Directions.
Return exactly the lines from the start of the records below through the line containing "teardrop earrings for", both ends included, and leave out the pictures.

Short web captions.
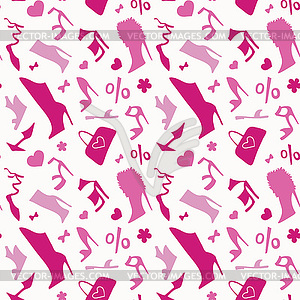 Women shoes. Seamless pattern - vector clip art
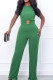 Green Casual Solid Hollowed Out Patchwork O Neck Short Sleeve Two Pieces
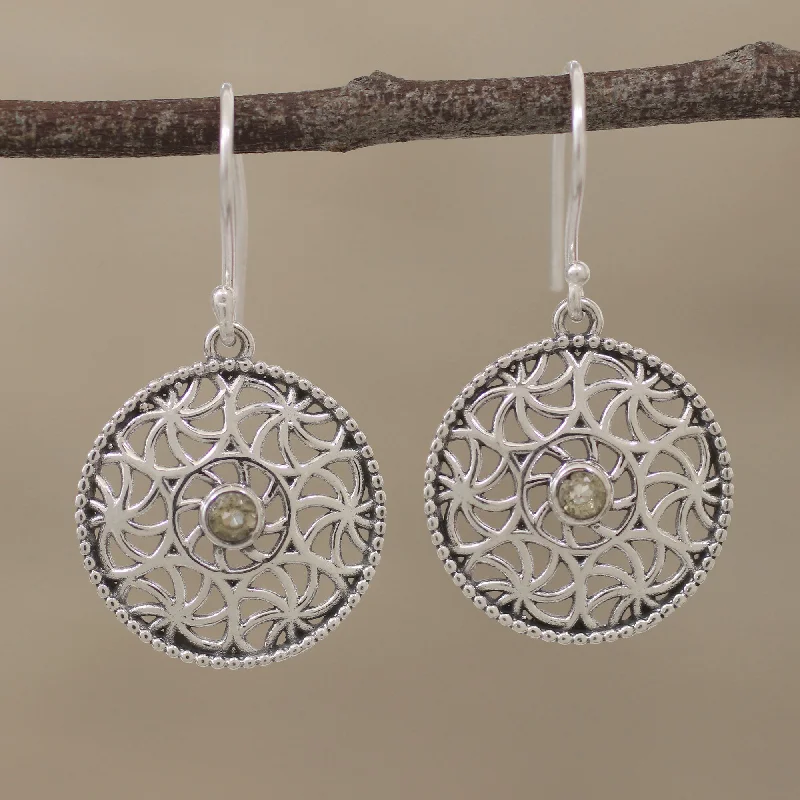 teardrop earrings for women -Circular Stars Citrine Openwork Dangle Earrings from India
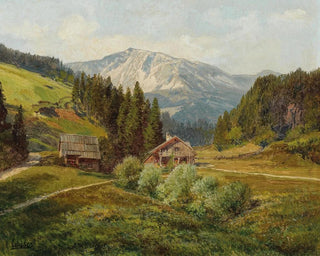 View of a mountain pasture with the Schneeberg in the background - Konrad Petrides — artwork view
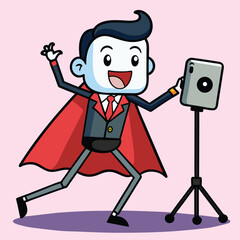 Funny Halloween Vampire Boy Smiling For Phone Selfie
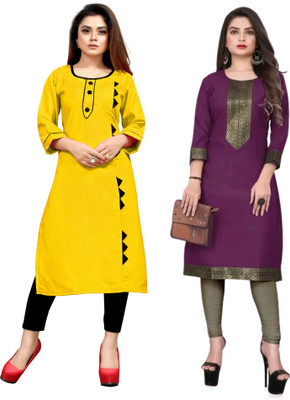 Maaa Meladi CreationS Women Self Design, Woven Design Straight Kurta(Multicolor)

Completed exercise.
 Women shoes. Seamless pattern - vector clip art
 Green Casual Solid Hollowed Out Patchwork O Neck Short Sleeve Two Pieces
 teardrop earrings for women -Circular Stars Citrine Openwork Dangle Earrings from India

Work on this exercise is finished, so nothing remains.